If you really want a count of seconds.

Duration
.between(
    LocalDate
    .of( y1 , m1 , d1 )               // Returns a `LocalDate` object.
    .atStartOfDay( ZoneOffset.UTC )   // Returns a `ZonedDateTime` object.
    .toInstant() ,                    // Returns a `Instant` object.
    LocalDate
    .of( y2 , m2 , d2 ) 
    .atStartOfDay( ZoneOffset.UTC )
    .toInstant() ,
)                                     // Returns a `Duration` object.
.toSeconds()                          // Returns a `long` primitive value.

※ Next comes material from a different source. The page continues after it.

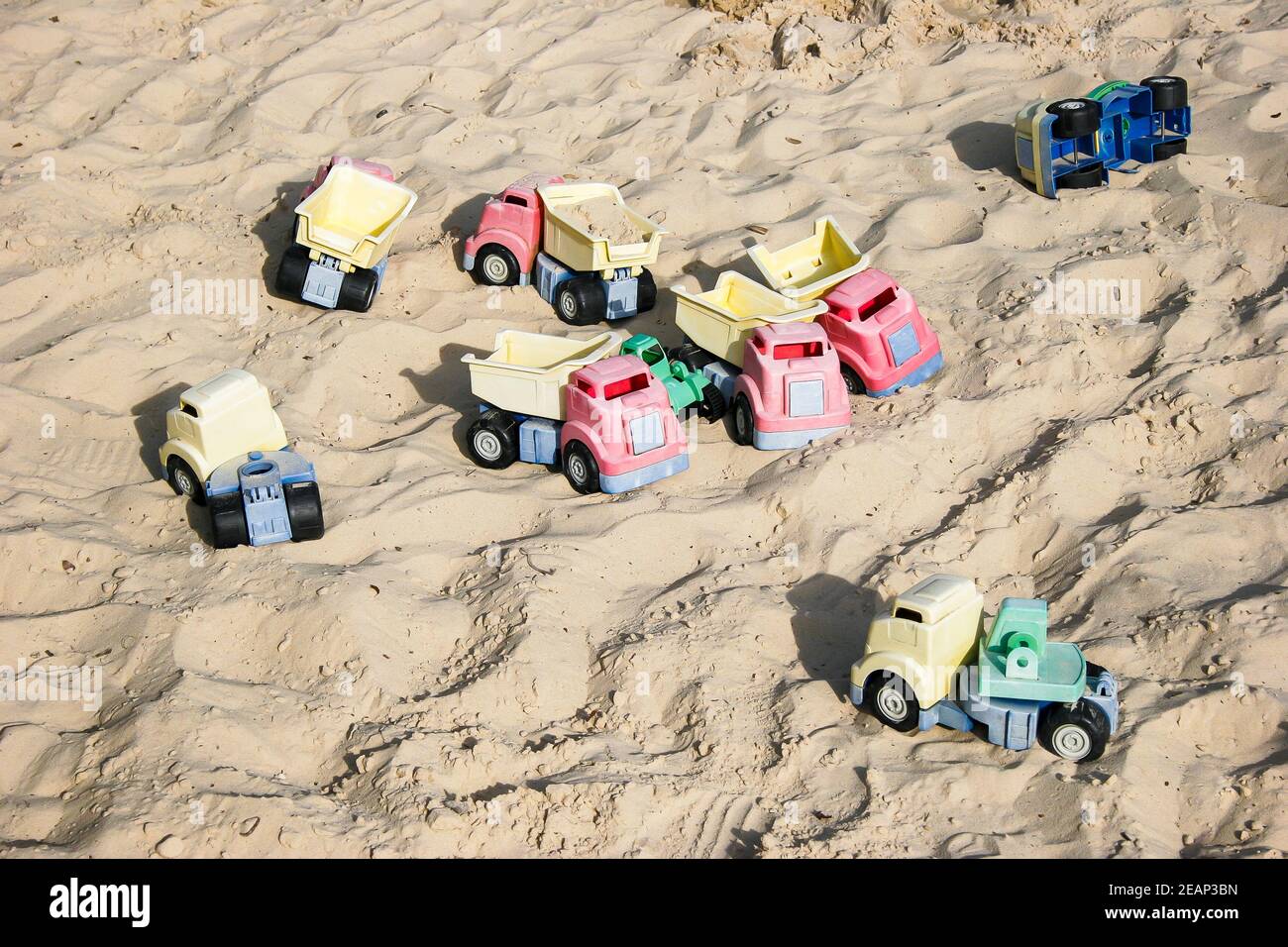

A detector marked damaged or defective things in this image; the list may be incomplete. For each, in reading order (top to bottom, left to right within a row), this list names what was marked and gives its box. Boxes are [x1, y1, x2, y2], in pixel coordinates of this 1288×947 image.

blue overturned toy truck [1015, 75, 1185, 198]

But if you want to count the number of calendar days between dates, you are working much too hard.

long daysElapsed = 
    ChronoUnit
    .DAYS
    .between(
        LocalDate.of( 2023 , 1 , 1 ) , 
        LocalDate.of( 2023 , 2 , 1 )
    )
;

Details

Avoid legacy date-time classes

The Answer by Zedki is technically correct but uses terribly flawed date-time classes that were years ago supplanted by the modern java.time classes defined by JSR 310.

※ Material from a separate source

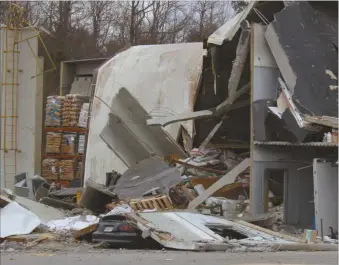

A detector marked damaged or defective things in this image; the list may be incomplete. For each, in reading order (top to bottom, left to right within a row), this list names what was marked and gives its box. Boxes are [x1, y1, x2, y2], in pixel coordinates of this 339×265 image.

broken concrete wall [85, 43, 203, 184]
shattered concrete slab [266, 1, 338, 116]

One of the many flaws in the Calendar class is that it counts the month number by zero-based index counting. Silly, and confusing: January is 0, December is 11.

In contrast, the java.time classes use sane counting. Months run 1-12 for January-December.

java.time

The java.util.Date class was replaced by java.time.Instant, both representing a moment as seen in UTC, that is, with an offset from UTC of zero hours-minutes-seconds.

Your inputs of year-month-day can be replaced with a java.time.LocalDate object. That class represents a date-only value, without time-of-day, and without time zone or offset.

Your method name getDate is not very descriptive. Apparently you want to determine the first moment of the day on the specified date as seen in UTC (an offset of zero). So we can use the descriptive name firstMomentOfTheDayInUtc.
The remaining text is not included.